Material and methods
From September 2007 to March 2008, 65 consecutive children were prospectively entered into the study. Oral consent was obtained from the parents of the children involved in the study. The children’s age ranged from 10 months to 10.5 years. The children were divided into two groups: those with cyanotic congenital heart disease (CHD) and those with acyanotic congenital heart diseases.
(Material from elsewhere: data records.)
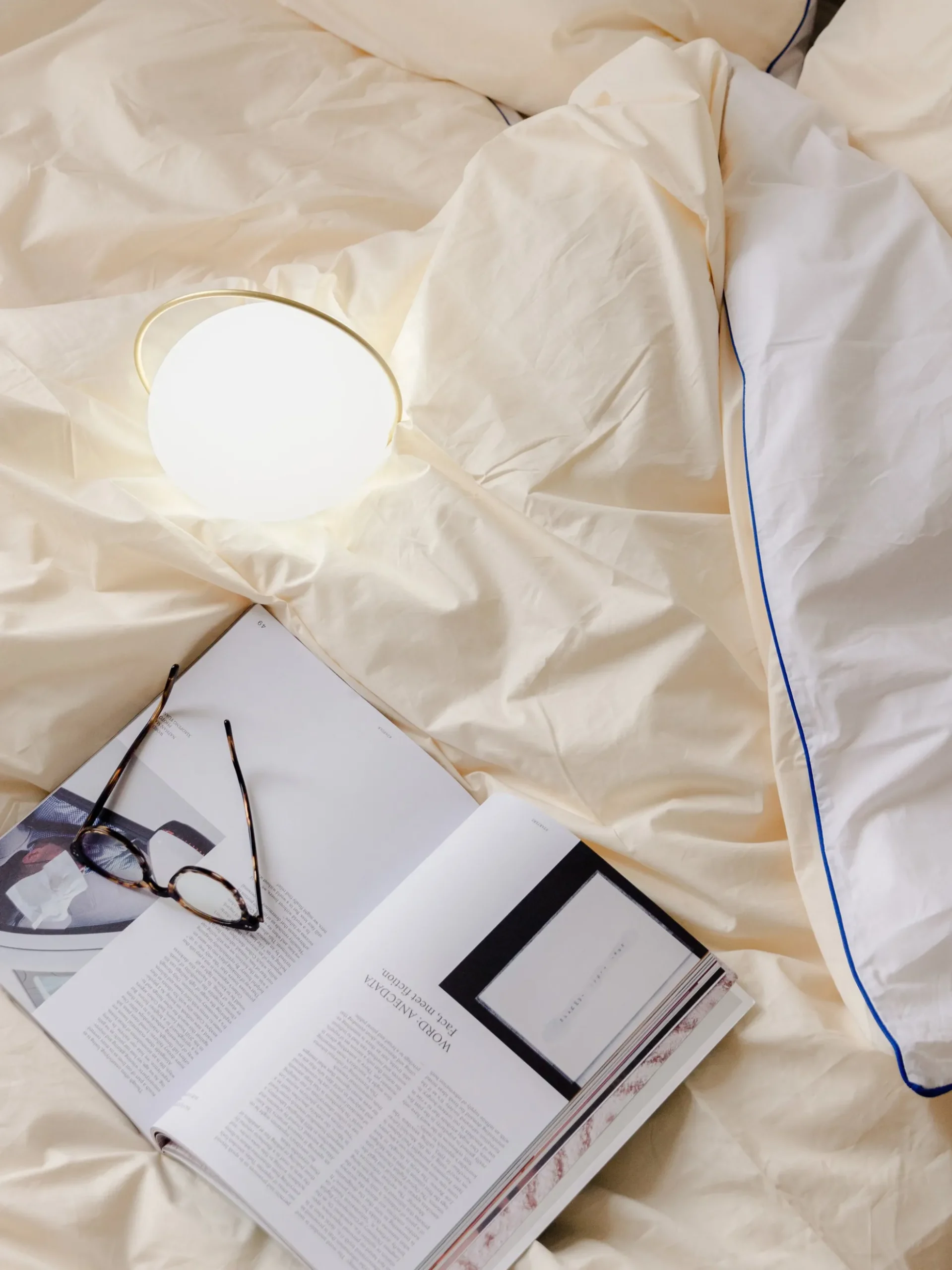 Lampada da tavolo portatile a LED con luce regolabile Orbit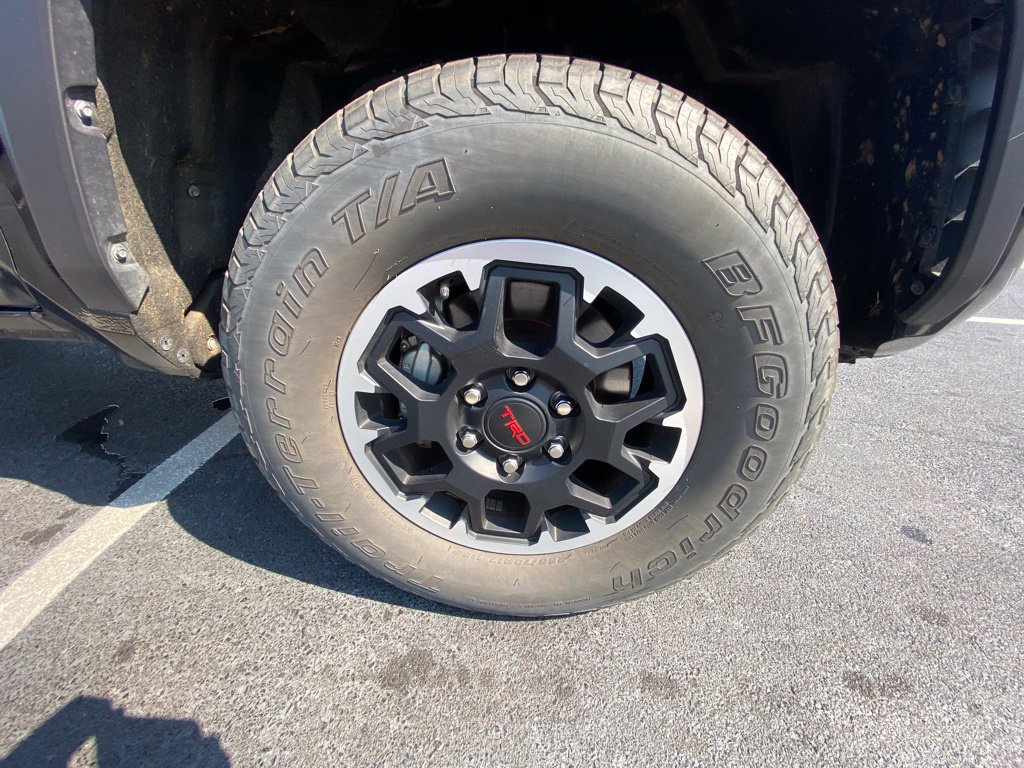 Used 2025 Toyota Tacoma TRD Off-Road AWD/4WD image 30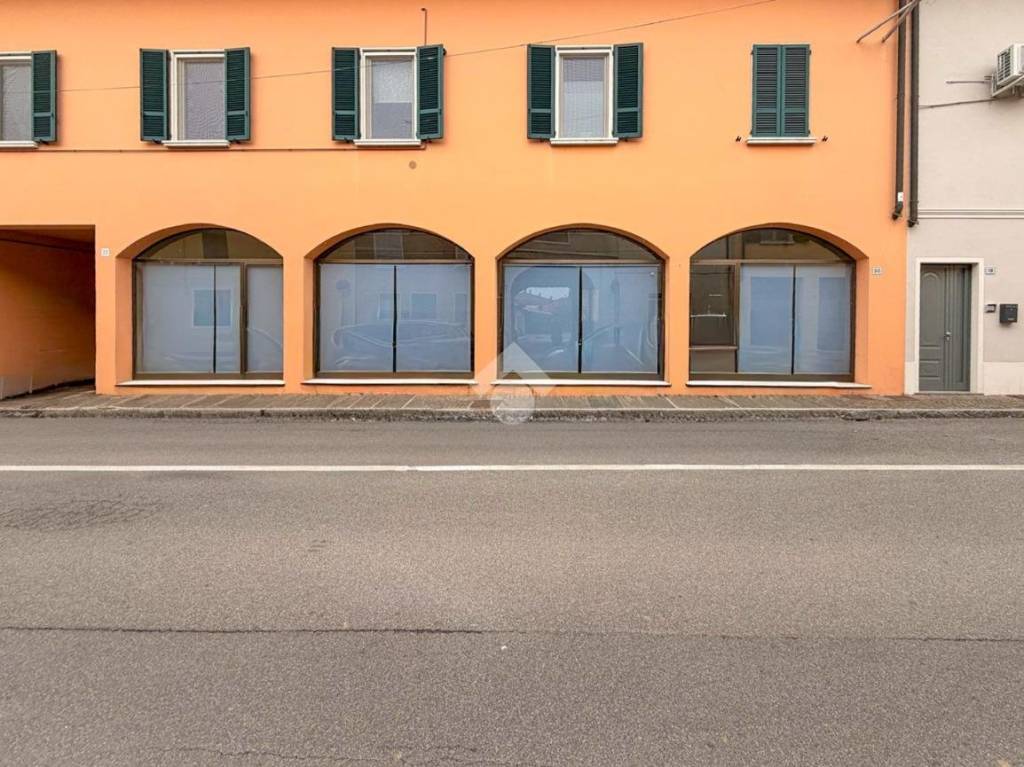 negozio in vendita a Verolavecchia
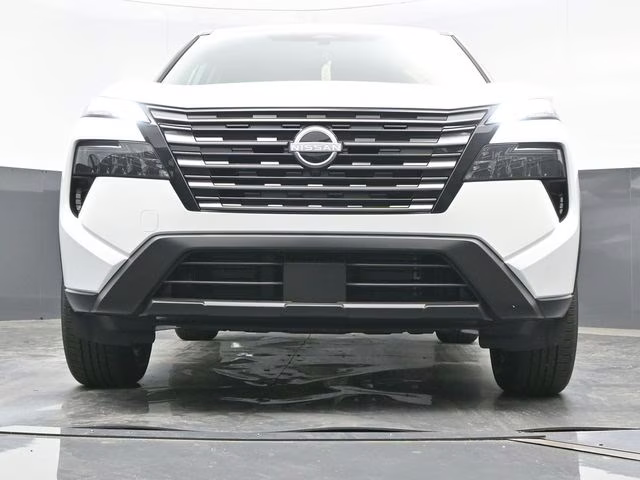 2026 Everest White Pearl Tricoat Nissan Rogue SV FWD SUV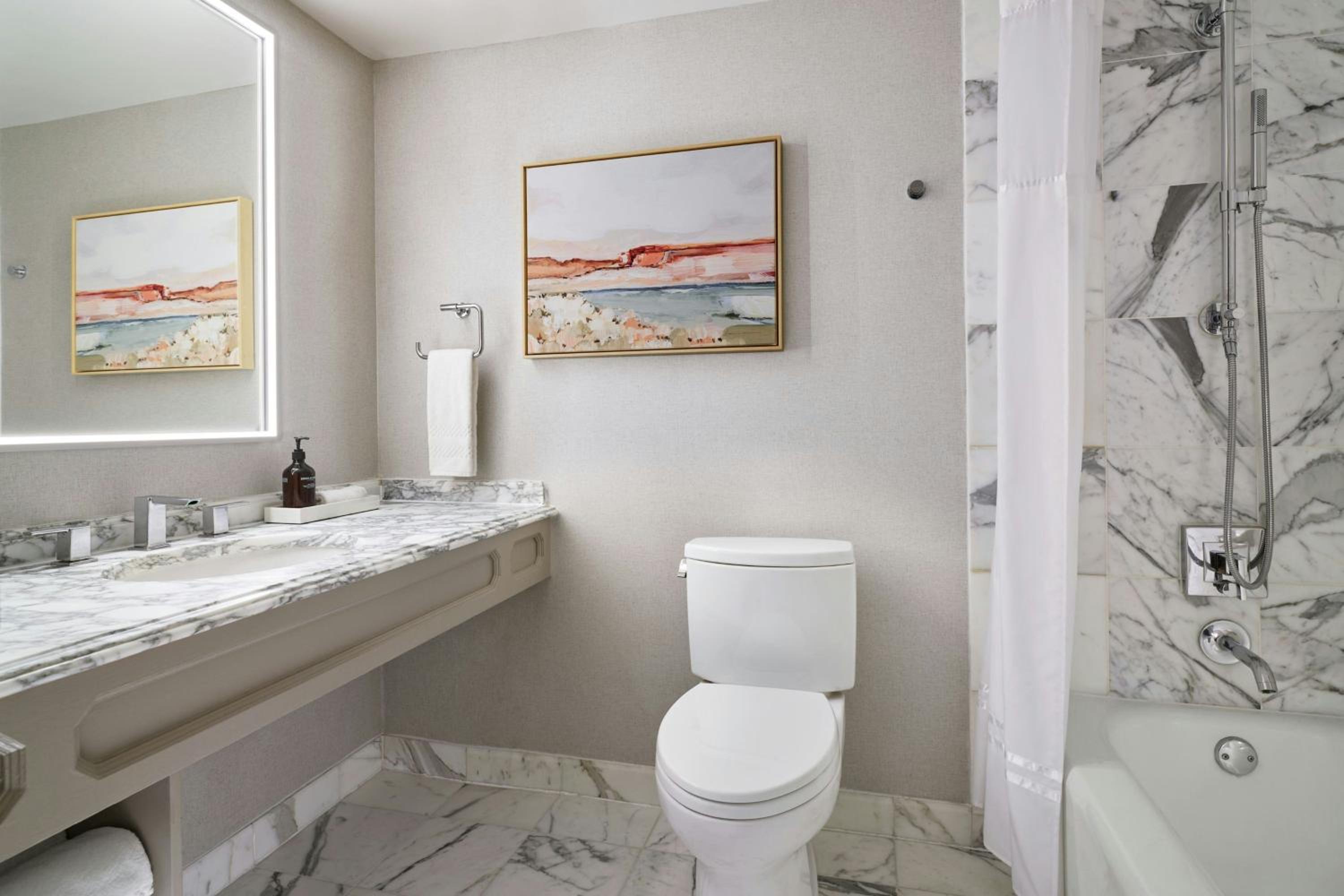 City Lights King Room with City View - High Floor/Hearing Accessible - Photo 4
All the patients were recruited from the Paediatric and Cardiology Departments of Cairo University Hospitals.
The first group consisted of 35 children (19 females, 16 males; age range: 10 months-9.8 years) with cyanotic CHD, while the second group included 30 children (16 females, 14 males; aged between 12 months and 10.5 years) with acyanotic congenital heart disease.
All the children were subjected to the following:
• full history and clinical examination, including weight and height; the nutritional status of the patients was assessed by BMI [weight (kg)/height (m²)];
• laboratory investigations:
– haemoglobin concentration and haematocrit,
– arterial oxygen saturation: arterial oxygen saturation (SaO2) was analysed in blood samples drawn from the peripheral vessels,
– level of VEGF in serum: blood samples for VEGF analyses were withdrawn by standard venipuncture and were centrifuged for 10 min at 5000 rpm and then serum samples were stored at –20°C until the time of analysis; serum VEGF level was measured with sandwich enzyme immunoassay using commercially available kits (Human VEGF, Cytimmune Sciences Inc., Rockville, MD, USA),
– other investigations included kidney function, complete blood picture and prothrombin time and concentration;
• chest X-ray: PA and lateral views;
• twelve-lead electrocardiogram;
• echocardiography: using a Sonos 5500 ultrasound system (HP Hewlett Packard), with a 5 MHz transducer for children. M-mode and 2-dimen­sional examinations were performed from the standard subcostal, parasternal and apical approaches; Doppler (pulsed wave and continuous wave) and colour Doppler mapping were also used to reach the diagnosis;
• cardiac catheterization: using a Philips biplane cardiac catheterization laboratory:
– this was performed in:
– patients with pulmonary atresia: mainly to determine the origin and distribution of collaterals,
– patients with tetralogy of Fallot: to define the coronary arteries and to determine the left ventricular diastolic volume and index; also to determine the origin and distribution of collaterals.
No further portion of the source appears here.